Xiongjie Jin 1,2,3, Demetrius Moskophidis 1,2,4, Nahid F Mivechi 1,2,3,4
PMCID: PMC3214631  NIHMSID: NIHMS303995  PMID: 21723507

Abstract

Hepatocellular carcinoma (HCC) occurrence and progression is linked tightly to progressive hepatic metabolic syndrome associated with insulin resistance, hepatic steatosis, and chronic inflammation. Heat shock transcription factor 1 (HSF1), a major transactivator of stress proteins, increases survival by protecting cells against environmental stressors. It has been implicated in the pathogenesis of cancer, but specific mechanisms by which HSF1 supports cancer development remain elusive. We propose a pathogenic mechanism whereby HSF1 activation promotes growth of pre-malignant cells and HCC development by stimulating lipid biosynthesis and perpetuating chronic hepatic metabolic disease induced by carcinogens. Our work shows that inactivation of HSF1 impairs cancer progression, mitigating adverse effects of carcinogens on hepatic metabolism by enhancing insulin sensitivity and sensitizing activation of AMP-activated protein kinase (AMPK), an important regulator of energy homeostasis and inhibitor of lipid synthesis. HSF1 is a potential target for the control of hepatic steatosis, hepatic insulin resistance, and HCC development.

Introduction

Cancer arises through a multi-stage process involving selection of genetic and epigenetic alterations, allowing evasion of mechanisms that limit cell proliferation or cell death (Hanahan and Weinberg, 2011; Luo et al., 2009). In addition to genetic changes, tumor formation and progression is regulated by the tumor microenvironment and extracellular signaling pathways. In particular, inflammation through aberrant secretion of cytokines and chemokines and other pro-growth factors supports proliferation and expansion of pre-malignant cells (Grivennikov et al., 2010; Mantovani et al., 2008). Moreover, metabolic changes driven by the tumor microenvironment and oncogene activation or tumor suppressor gene loss also confer a selective advantage for survival and proliferation of cancer cells (Levine and Puzio-Kuter, 2010; Siegel and Zhu, 2009). Notably, altered metabolism provides cancer cells not only with energy but also serves to support synthesis of fatty acids, membrane lipids and proteins that are required for rapidly dividing cells (Menendez and Lupu, 2007). Lastly, equally important for survival of a transformed cell and tumor formation and progression is the contribution of the proteostatic system, which involves pathways that control protein synthesis, quality control, and trafficking (Hotamisligil, 2010; Powers et al., 2009).

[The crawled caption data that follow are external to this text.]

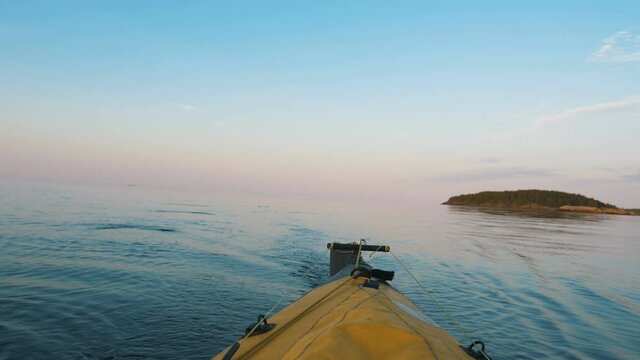 tail of yellow kayak in motion, boat floats on quiet lake at sunset on background of island, outdoor activities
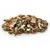 Mixture of pellets, dried vegetables and herbs. Visible are red pepper pieces, white cabbage leaves, sunflower seeds and dried grasses.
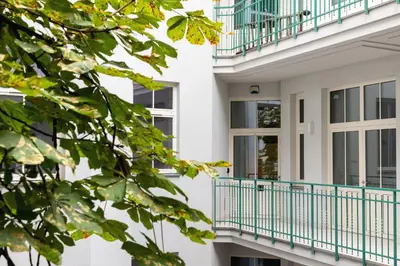 a white building with blue balconies and trees at Kazimierz District - Dietla 21 street in Kraków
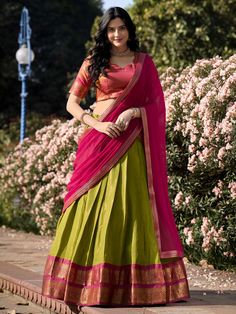 Introducing our stunning "excellent green zari weaving kanchipuram silk event wear lehenga choli" that is sure to make you stand out at any special occasion. This set includes a green color Kanchipuram silk lehenga with intricate zari weaving work, a pink color Kanchipuram silk choli also with zari weaving work, and a pink color georgette plain dupatta with lace border work.
The green lehenga is beautifully stitched up to 42 inches, with a 3.70-meter flair, and un-stitched choli material of 0.80 Kerala Dhavani Set, Half Saree Designs South Indian, Kanchipuram Lehenga, Silk Half Saree, Onam Outfits, Lehenga Choli Designs, Simple Lehenga, Half Saree Lehenga, Stitched Lehenga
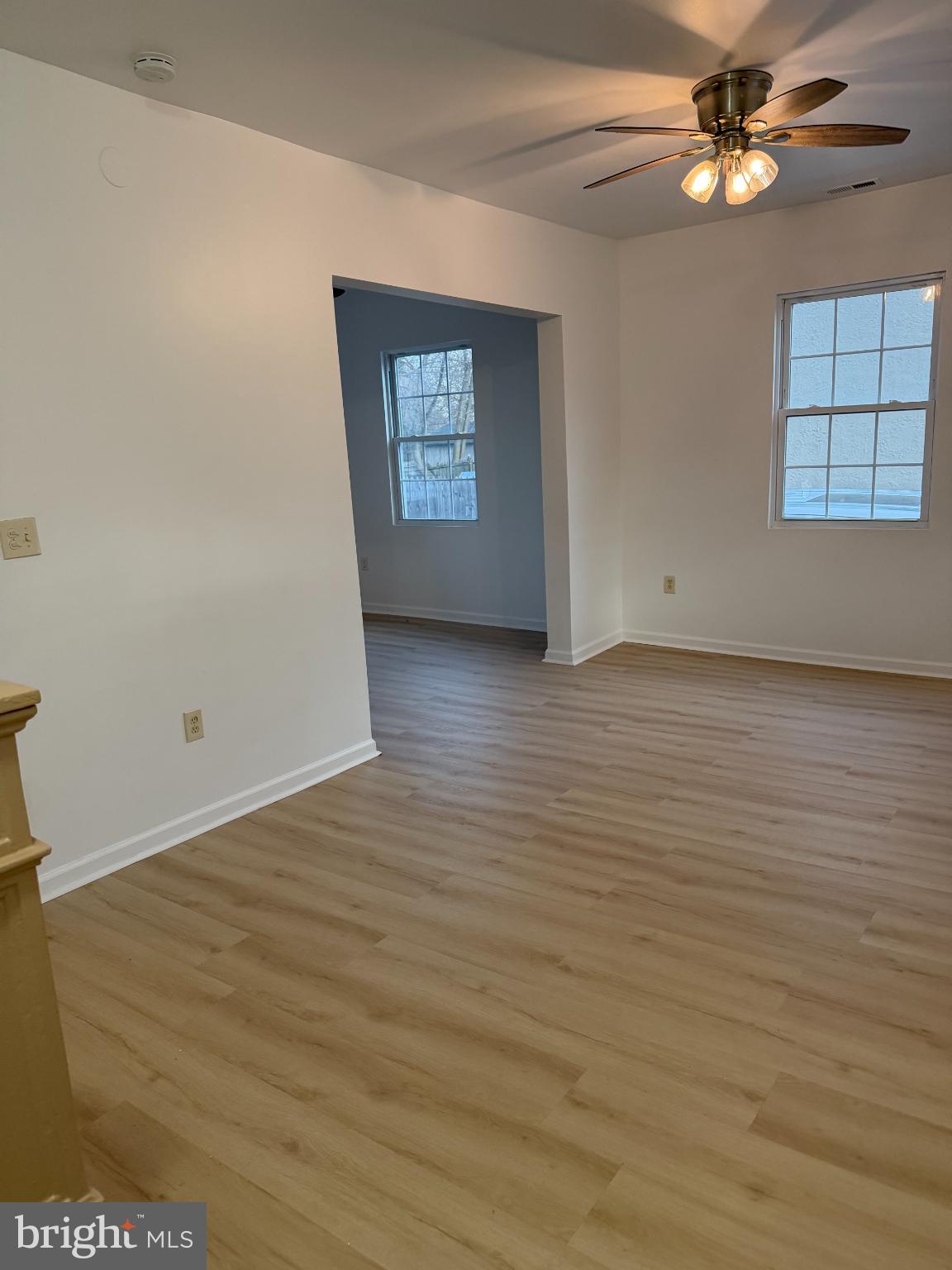 9 Hartford Road Mount Laurel, NJ 08054 - Photo 6 of 37 an empty room with wooden floor chandelier fan and windows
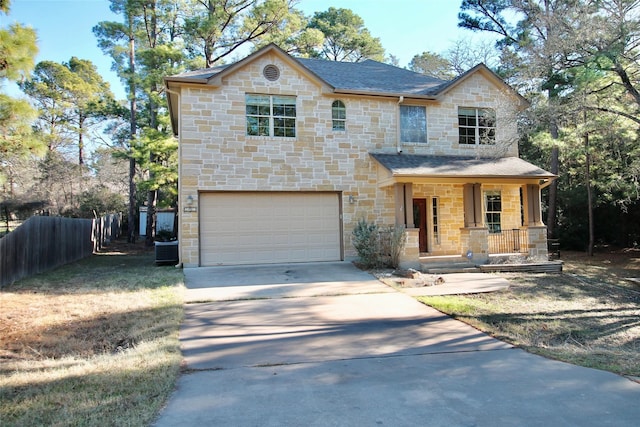 view of front of house featuring cooling unit, a garage, and a porch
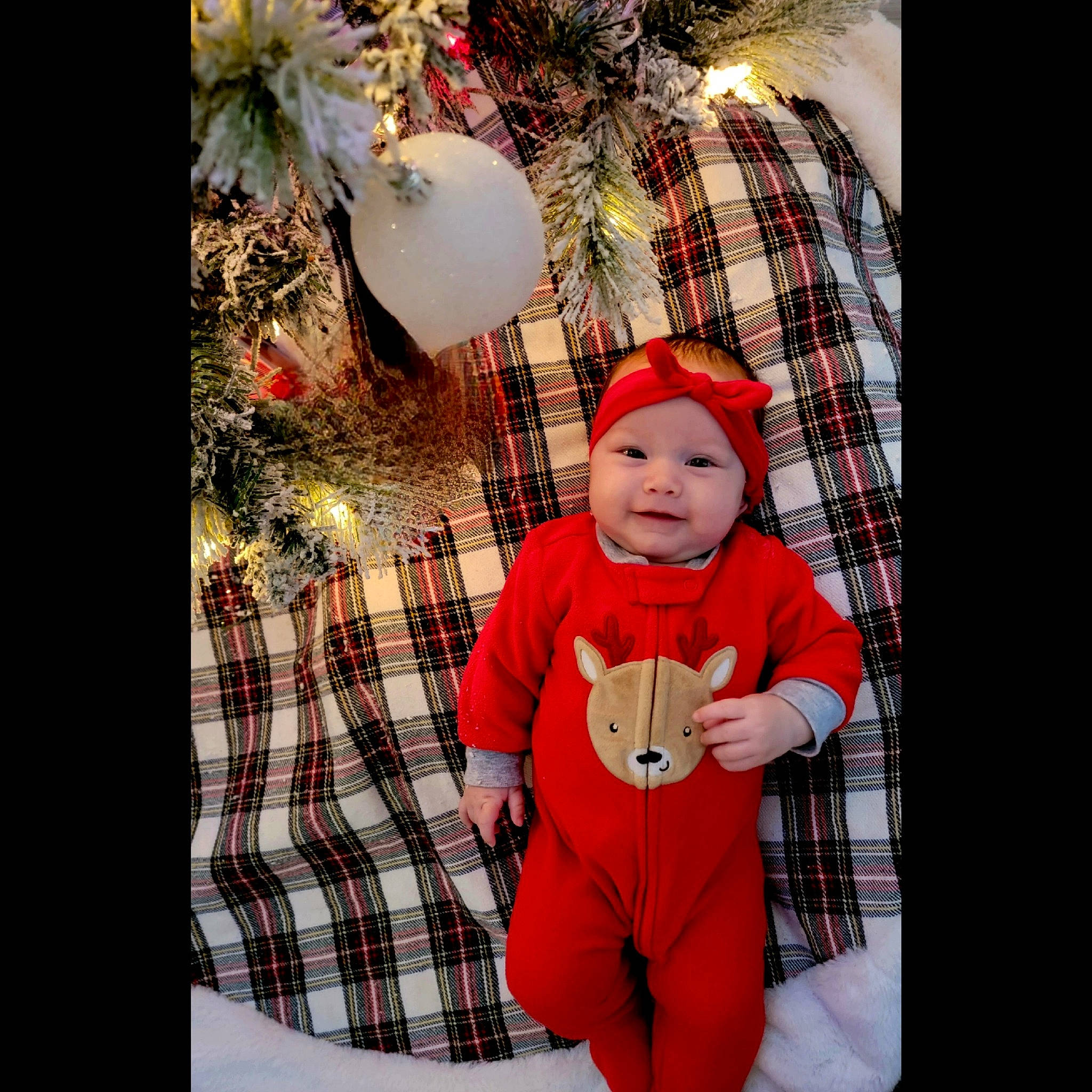 Alayah joined the competition — help win amazing prizes! baby, baby_toddler_clothing, christmas, christmas_decoration, christmas_eve, christmas_ornament, event, happy, headwear, holiday, human_body, joy, lap, outerwear, pattern, person, plaid, red, sleeve, tartan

HCC induced within an established background of chronic liver disease and cirrhosis after long latency (20-40 years) is one of the most prevalent malignant cancers worldwide. The transformation process underlying HCC development in humans, and many risk factors, including alcoholic use, chronic infections with hepatitis B and C viruses, and nonalcoholic steatohepatitis (NASH), which is a more severe form of nonalcoholic fatty liver disease (NAFLD), are well defined (El-Serag and Rudolph, 2007; Farazi and DePinho, 2006; Siegel and Zhu, 2009). Notably, NAFLD, a hepatic manifestation of metabolic syndrome, affects nearly 25% of the US population and is a fast-growing medical condition in terms of incidence due to the fact that obesity and metabolic syndrome are becoming epidemics worldwide. Despite recent progress, HCC is still a disease with poor outcome and limited therapeutic options (Spangenberg et al., 2009).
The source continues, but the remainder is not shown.